Kondisi ini yang harus terus didukung oleh semua pihak, karena kita semua menikmati setiap hembusan udara bersih yang dihasilkan oleh hutan.
Oleh karena itu, untuk menguatkan masyarakat pengelola hutan perlu adanya dukungan para pihak. Di sejumlah kawasan perhutanan sosial yang dikelola masyarakat saat ini berkembang program pohon asuh.
Dengan program ini, publik bisa terlibat langsung berdonasi untuk masyarakat yang sudah mengelola hutannya dengan baik. Masyarakat yang tertarik untuk mengikuti program ini bisa mengunjungi website www.pohonasuh.org.

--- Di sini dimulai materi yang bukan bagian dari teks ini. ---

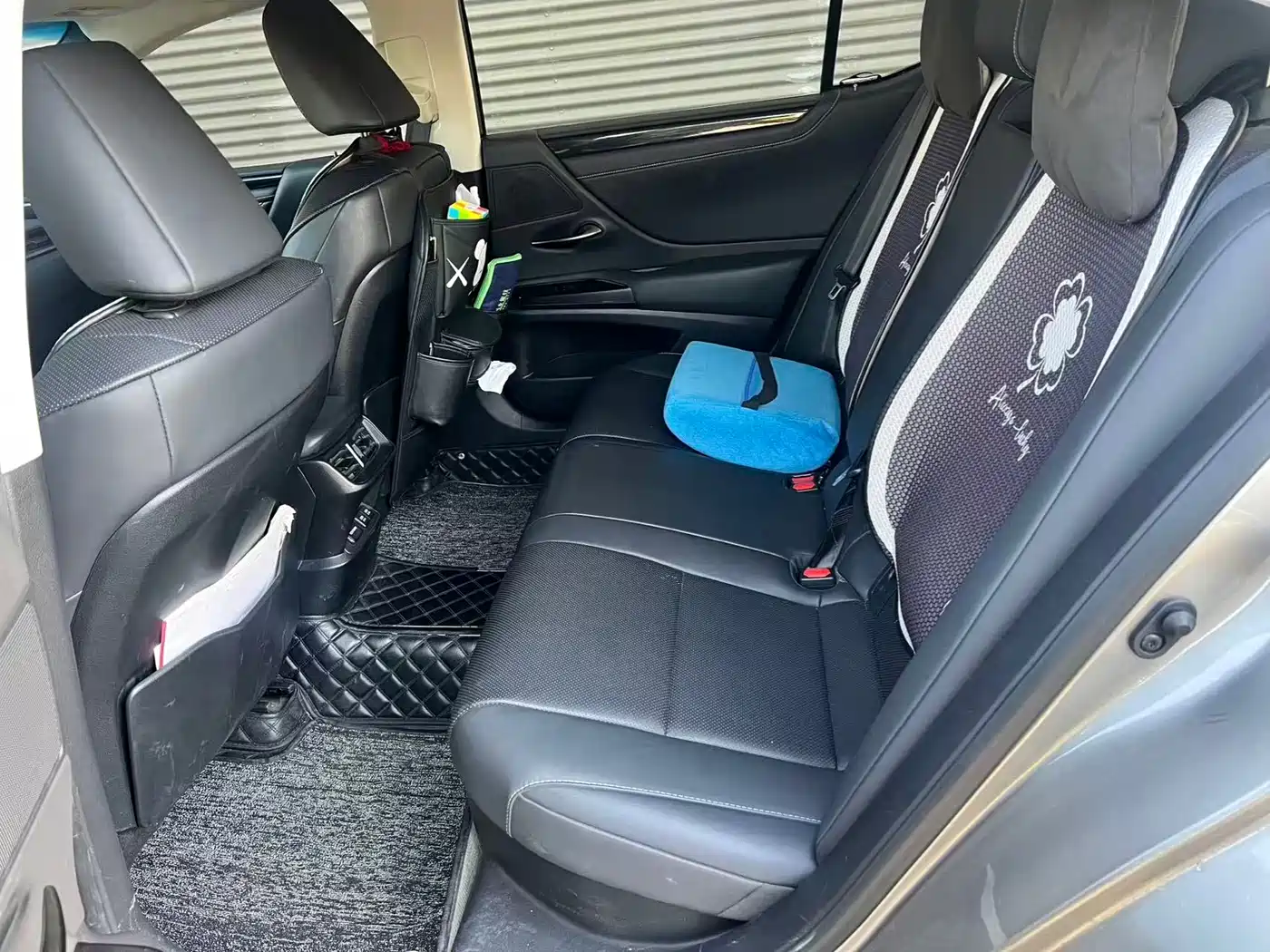 Lexus ES 2020 300h Ultimate Edition фото 5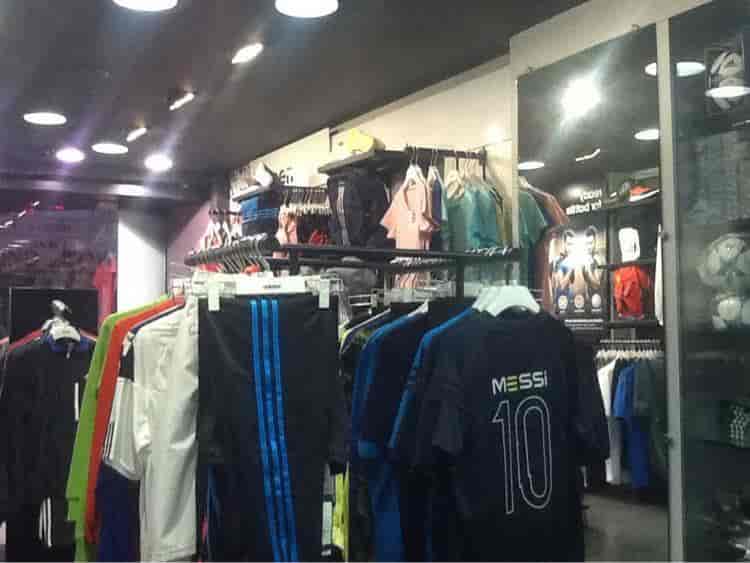 messi store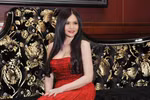 Sự thật đằng sau việc nữ đại gia đám cưới triệu USD lấn sân showbiz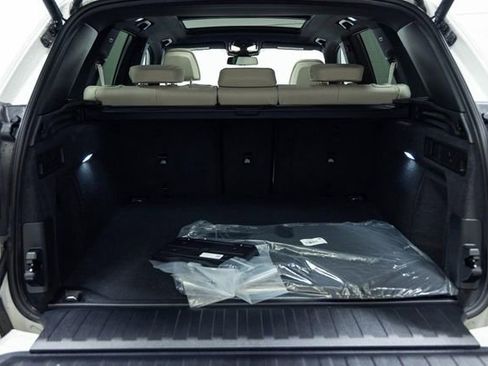 New 2026 BMW X5 xDrive40i w/ Climate Comfort Package image 13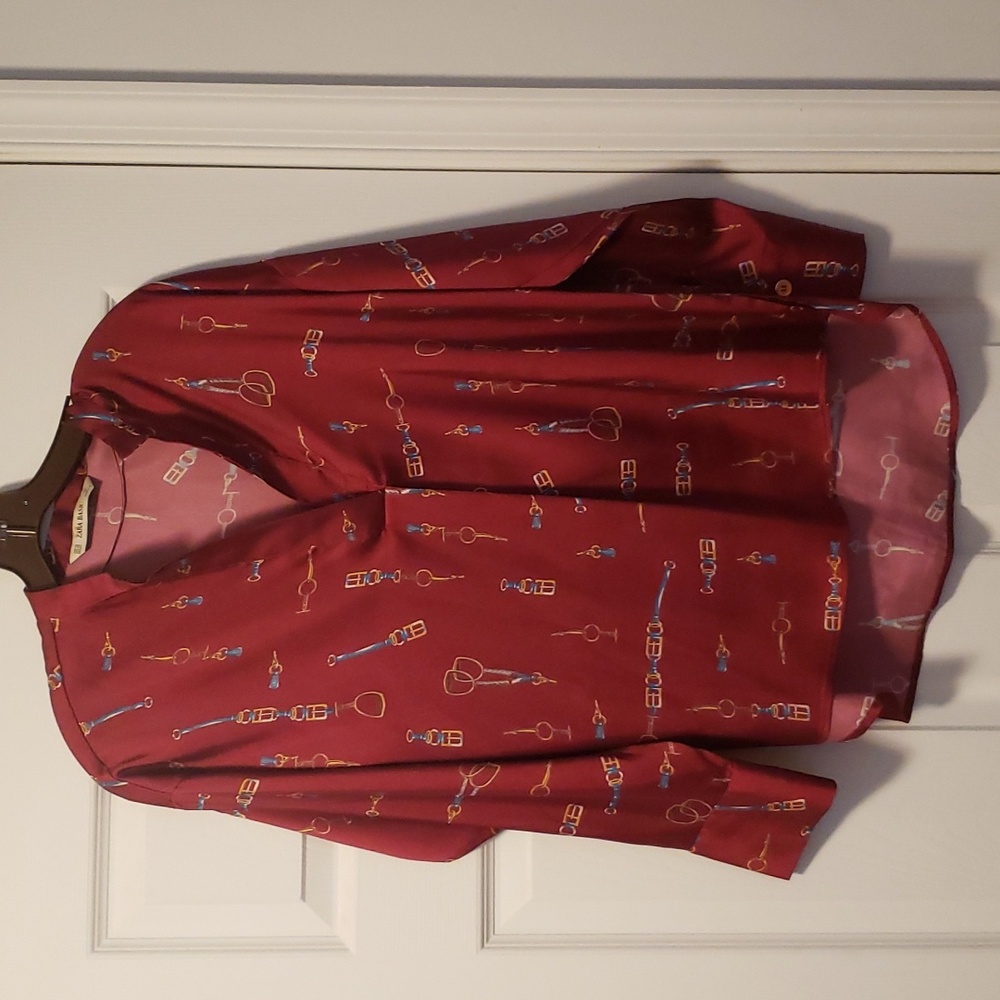 Zara Basic Pullover High Low Style Polyester Blouse, size XS NWOT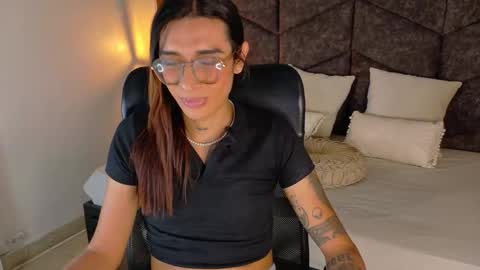 lauraagomezz__ online show from September 17, 7:39 pm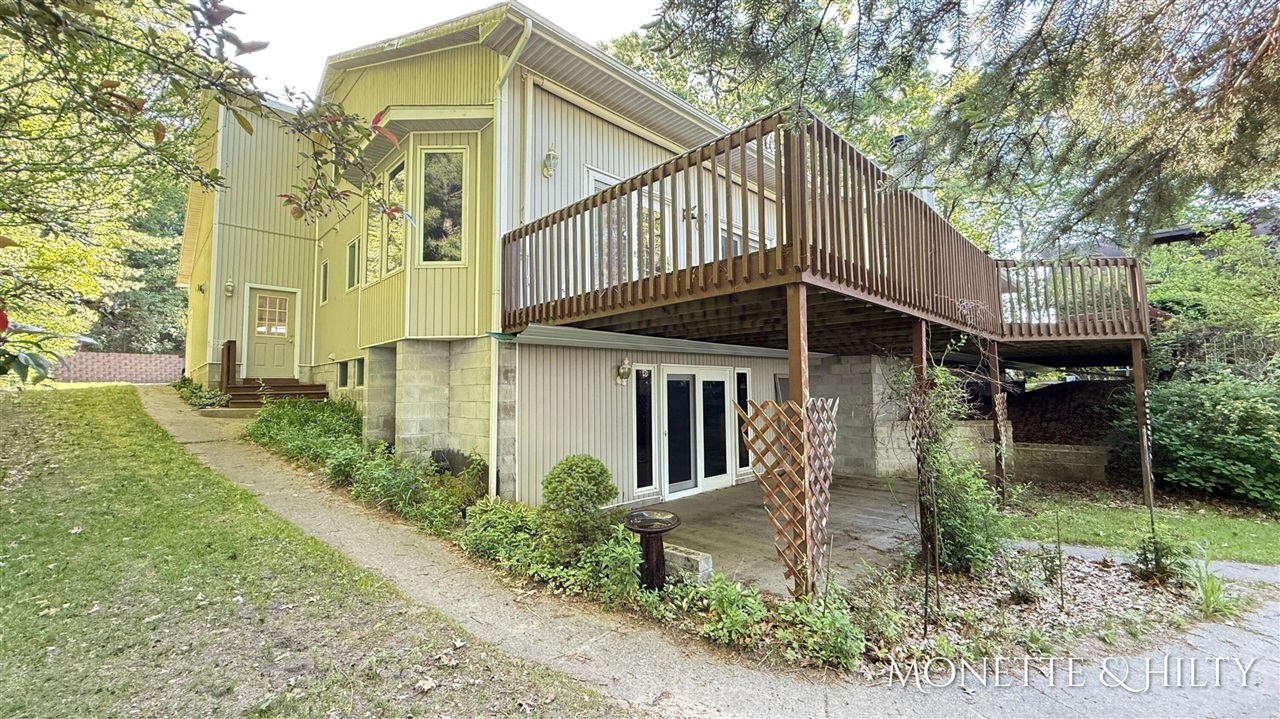 2550 Cove Road Property Photo 5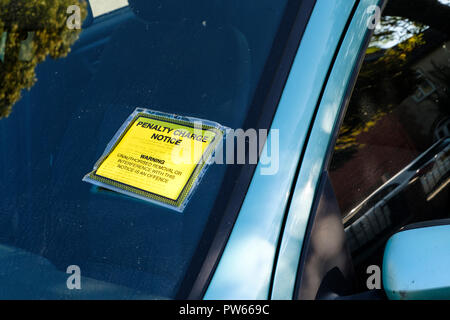 Parcheggio ammenda, UK. Un addebito di penalità avviso incollato su di un parabrezza di automobile, Lincoln, England, Regno Unito Foto Stock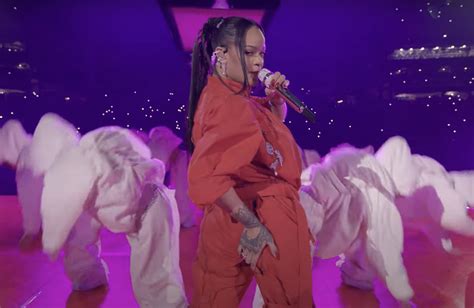 rihanna crée l évènement lors de son grand retour sur la scène du super bowl syma news votre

Meskipun demikian, ancaman perburukan iklim hingga kini masih terjadi. Dari analisis citra Sentinel 2 memperlihatkan bahwa kondisi pemulihan sumber daya air Jambi masih membutuhkan pemulihan dan perbaikan tata kelola.
Dari analisis yang dilakukan, penambangan emas ilegal masih menjadi persoalan utama yang membelit kondisi alam di Jambi. Dari analisis citra Sentinel 2 terlihat bukaan alur sempadan sungai yang dilakukan penambang emas liar sudah mencapai 45.896 ha atau naik 3.535 ha atau 8 persen dari tahun sebelumnya.
Libatkan Orang Rimba
Hari raya Orang Rimba adalah musim buah yang melimpah di hutan. Pertahunan Agung, begitu istilah yang digunakan untuk menyatakan panen raya buah-buah di hutan.
Ada banyak buah yang tumbuh di hutan Orang Rimba, seperti durian, kuduk kuya, mata kucing, ajon, sengkoyo, rambutan, dekat, buasiu, siabuk, ranggung, kapesung, dan lainnya.
Sebelum musim buah biasanya akan diawali dengan musim madu. Bermekaran nya bunga-bunga di hutan menjadi penyedia nectar yang merupakan bahan pangan lebah. Nectar dikumpulkan lebah dalam sarangnya yang digantungkan di pohon-pohon besar dinamai sialang, bisa dari jenis kedondong dan jenis pohon lainnya.
Ketika musim ini tiba, itu sama artinya dengan kemewahan bagi Orang Rimba. Suku yang tinggal di dalam hutan dan mengandalkan hidup dari keramahan alam. Sayangnya kemewahan ini sudah semakin jarang terjadi. Peralihan musim yang tidak menentu diyakini sebagai penyebab perubahan ini.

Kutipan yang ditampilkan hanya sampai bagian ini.